US ambassadors usually serve three-year terms, but in posts considered as tough as Pakistan, are allowed to serve two years with the option to extend for a third.
The official said it was the ambassador’s decision to go and denied a press report speculating the move was related to poor relationships with Islamabad and Washington.
“He is not being sacked, he has decided to move on,” the official told AFP.
“He maintains good relations with both the government of Pakistan and the US government. It’s his decision alone. There’s no dissatisfaction with his performance from Pakistan or Washington,” the official added.
Other people close to the ambassador say he has been frustrated that the CIA and Pentagon call the shots for the United States in Pakistan, and that he feels his job has been to contain the fallout rather than set policy.
Analysts were taken aback, warning his departure could complicate efforts to repair alliance with the US and reopen NATO supply lines into Afghanistan that Islamabad shut five months ago in protest at the 24 soldiers’ deaths.
“It’s very premature. I think there must be some differences with his own government or he must have been finding it difficult to work in Pakistan,” Pakistani political and security analyst Talat Masood told AFP.
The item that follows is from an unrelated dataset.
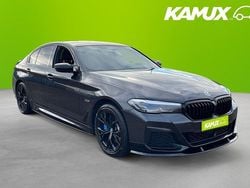 Silver/grå Begagnad 2023 BMW 530e M Sport Sedan | 449 700 kr (Marknadspris)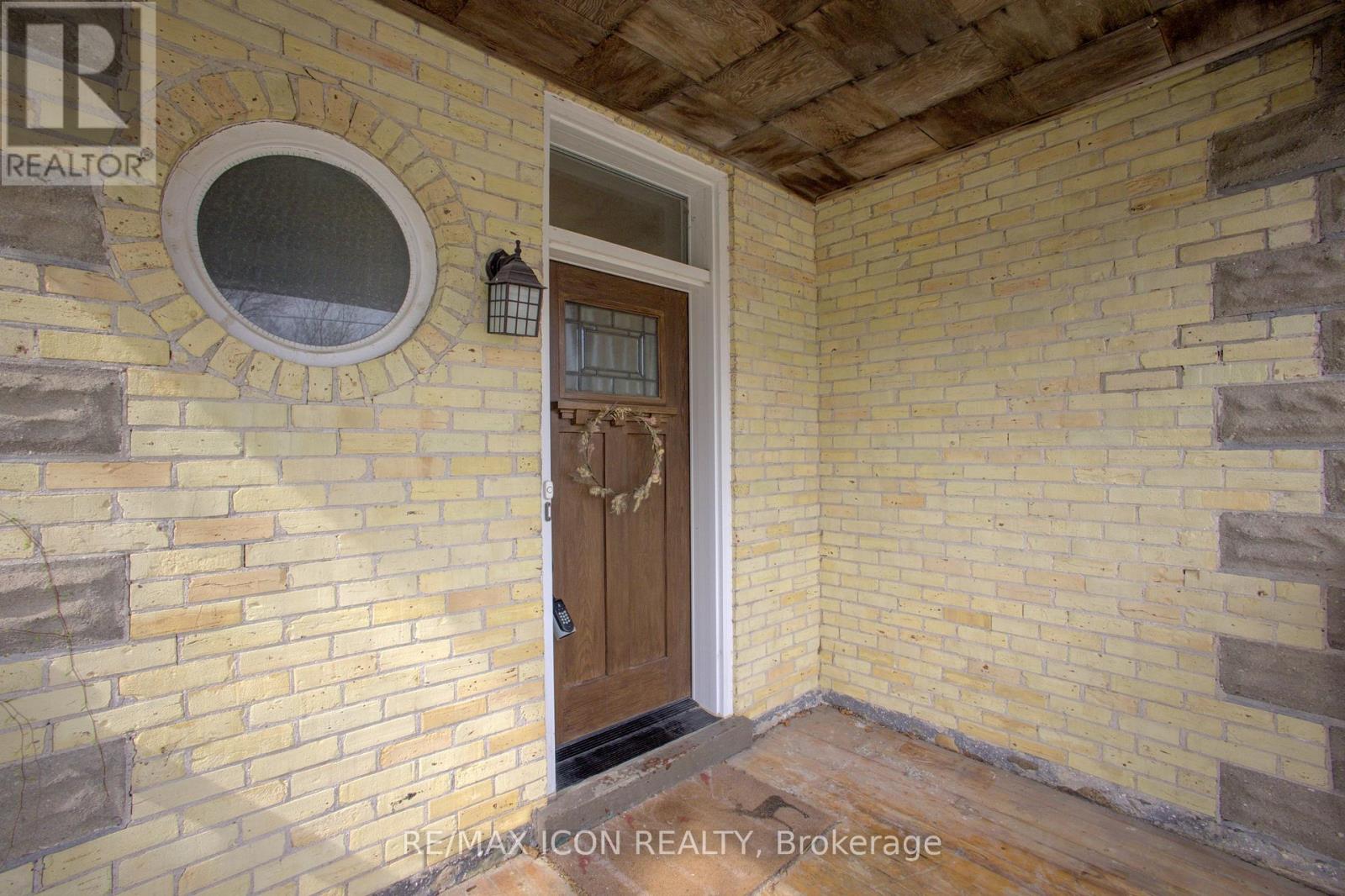 Property at 185 FERGUS STREET S image 4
“It’s unfortunate because he was doing a great job in a difficult situation.”
News of Munter’s move emerged with US Secretary of State Hillary Clinton in India, Pakistan’s bitter rival, where she called on Islamabad to do more against Islamist militants in comments likely to antagonise Pakistan, which says it has already sacrificed more than any other nation.
Munter arrived in the country in October 2010, after his predecessor Anne Patterson spent more than three years in Pakistan. The US official said the ambassador would be leaving “this summer at the end of his two-year tenure”.
In his talks in Washington, Munter has advocated doing more to repair ties with Pakistan, arguing widespread anti-US sentiment in the country is a sign not of hostility to the US but of disappointment with the results of the relationship.
In Pakistan, he has been determined to improve America’s public image, travelling widely in a bid to meet as many ordinary Pakistanis as possible.
Masood said Munter had been well accepted in Pakistan, and that a change at the top of the embassy was unhelpful at a difficult time.
“It definitely comes at a bad time and is unhelpful and will make things more difficult and more complicated,” he said.